**What needs to be done:** Everything from the line with "Foto del edificio" down to the line with "2,266M² WAREHOUSE SOLD IN EASTLEIGH" below must be printed exactly, those two lines included. Exclude pictures.

**Exercise data:**

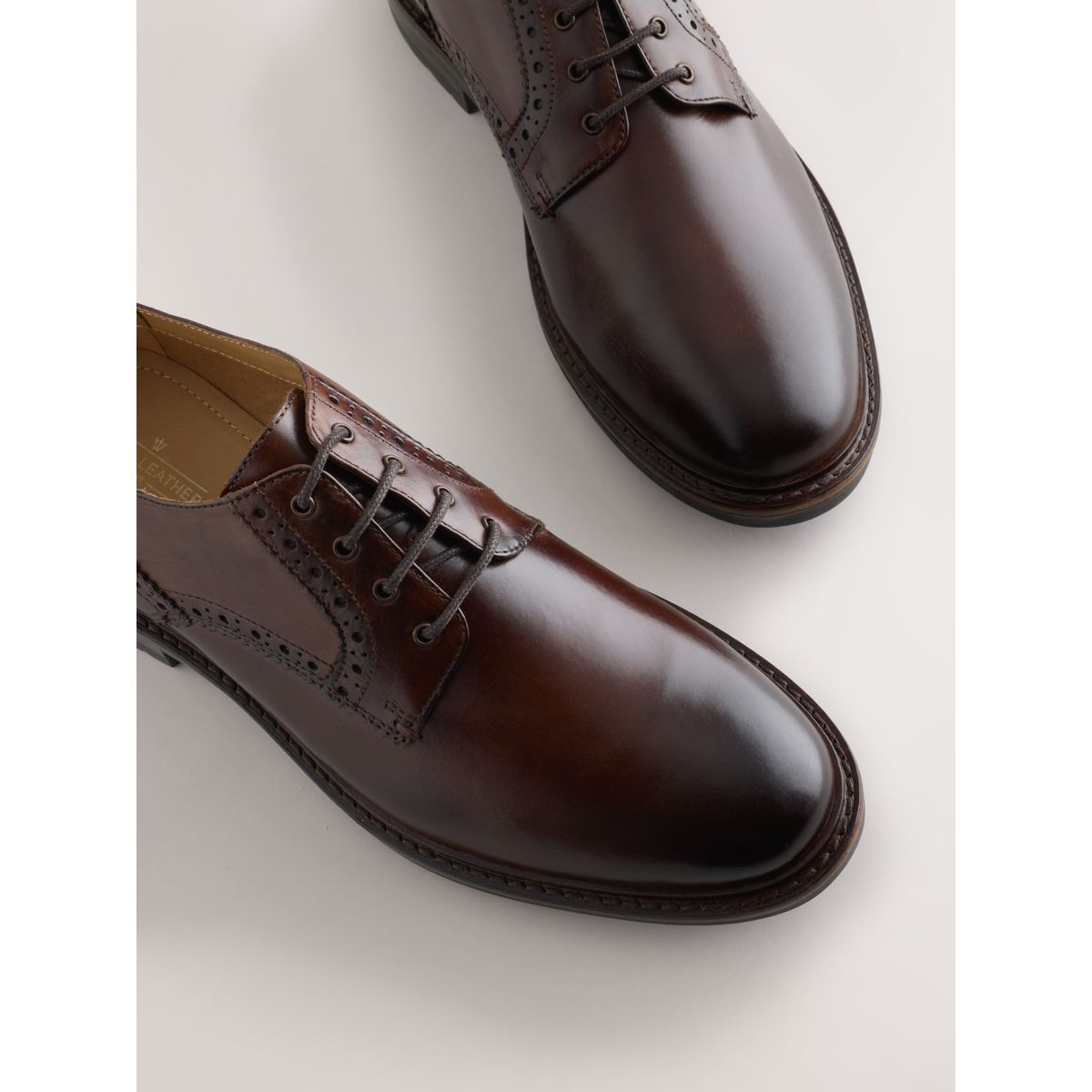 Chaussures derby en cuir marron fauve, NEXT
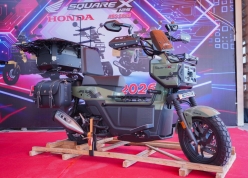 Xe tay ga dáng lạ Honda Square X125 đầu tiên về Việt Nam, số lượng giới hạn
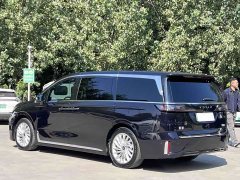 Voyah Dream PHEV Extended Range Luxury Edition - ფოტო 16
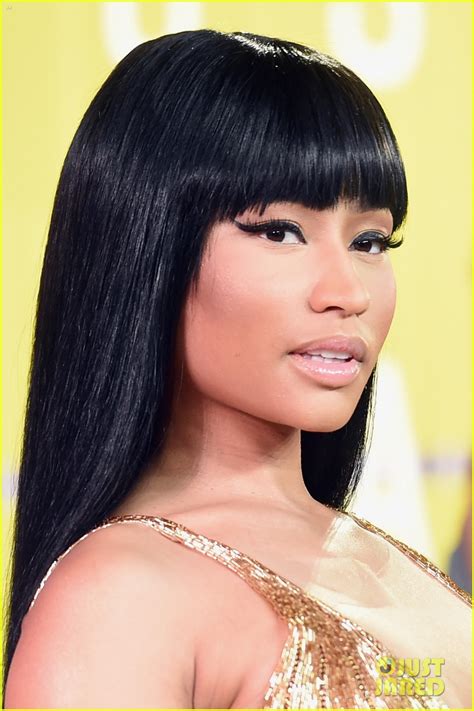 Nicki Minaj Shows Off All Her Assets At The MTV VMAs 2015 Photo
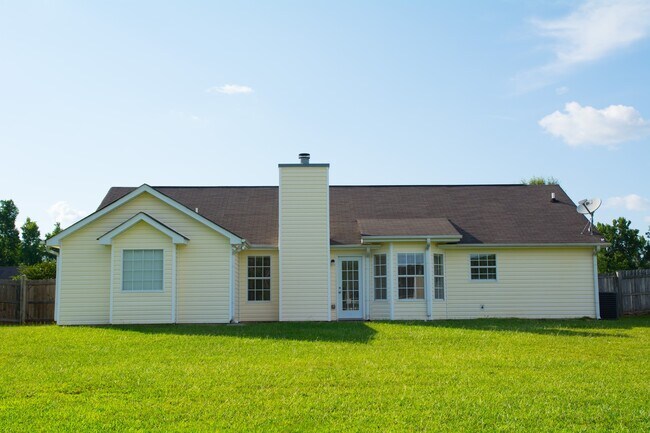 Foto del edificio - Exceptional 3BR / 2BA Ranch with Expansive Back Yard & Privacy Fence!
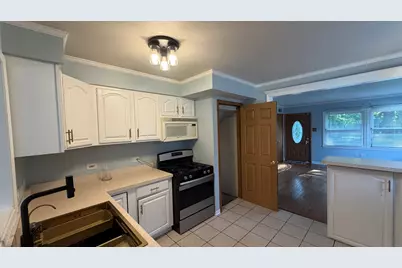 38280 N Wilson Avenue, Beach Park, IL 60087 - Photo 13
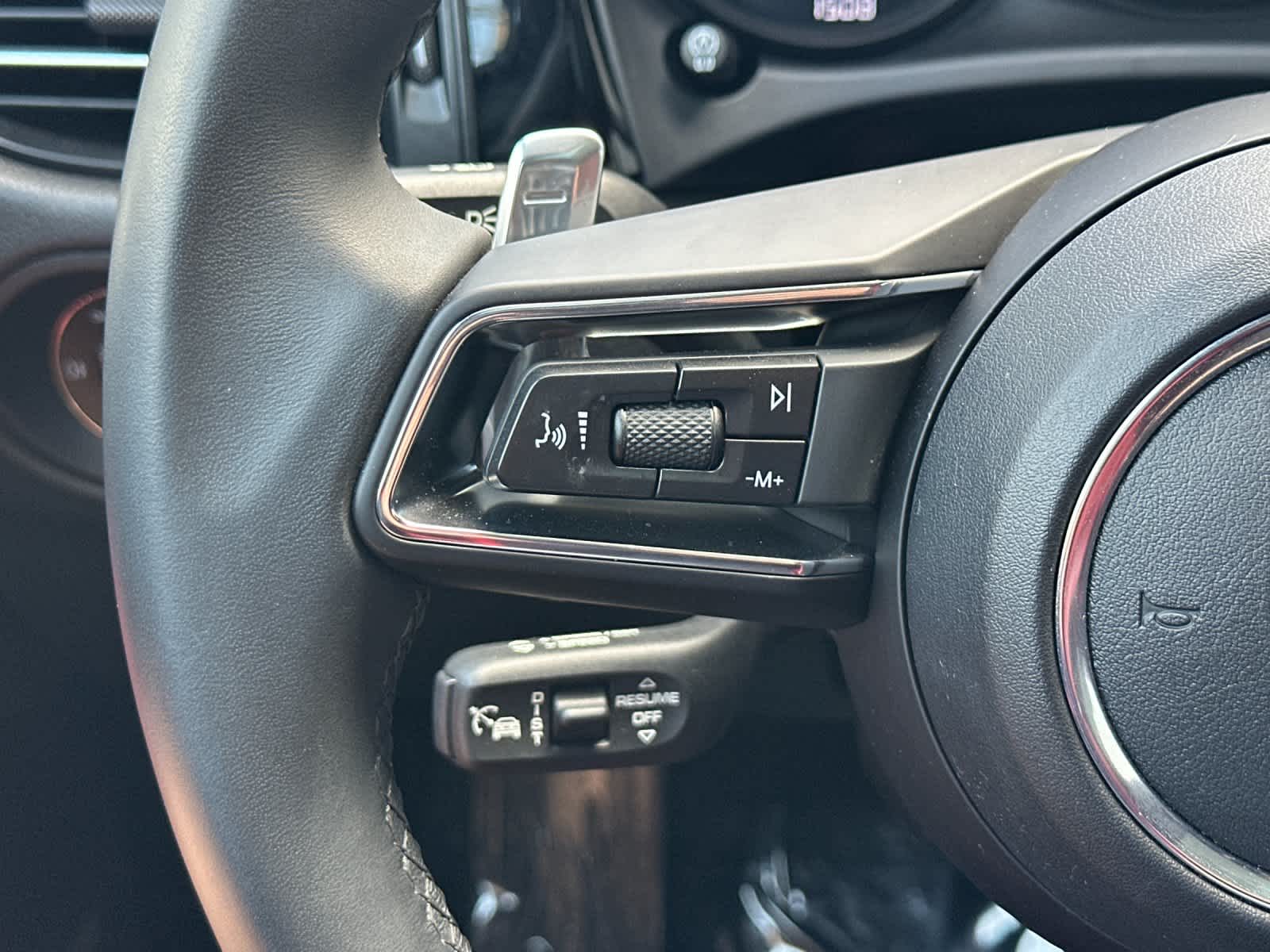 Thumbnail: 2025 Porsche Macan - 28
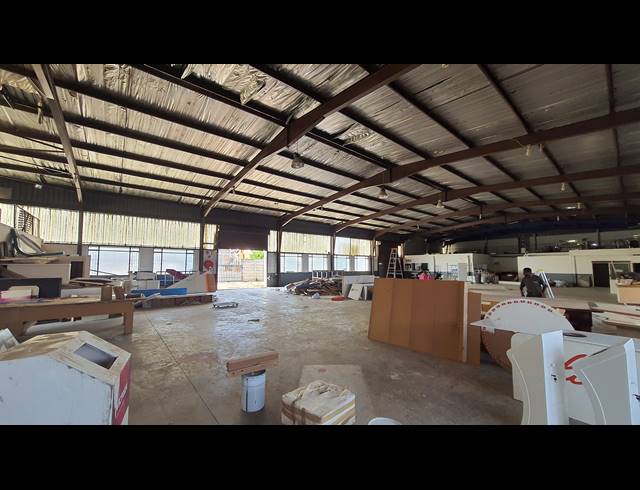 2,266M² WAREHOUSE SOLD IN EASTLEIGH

==

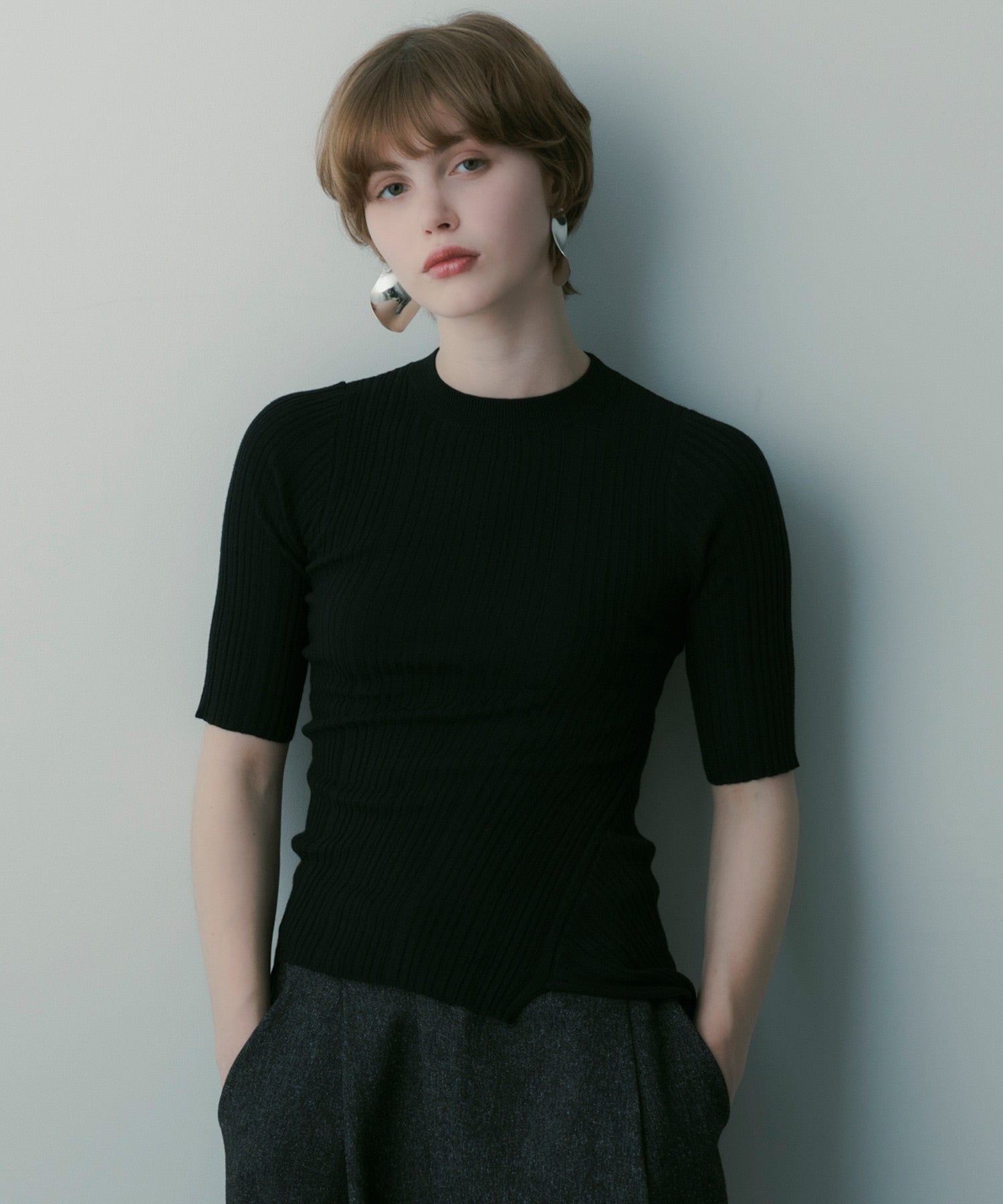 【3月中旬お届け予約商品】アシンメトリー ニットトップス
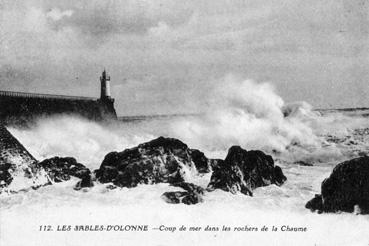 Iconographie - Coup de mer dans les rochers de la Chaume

**Output for this task:**
 Foto del edificio - Exceptional 3BR / 2BA Ranch with Expansive Back Yard & Privacy Fence!
 38280 N Wilson Avenue, Beach Park, IL 60087 - Photo 13
 Thumbnail: 2025 Porsche Macan - 28
 2,266M² WAREHOUSE SOLD IN EASTLEIGH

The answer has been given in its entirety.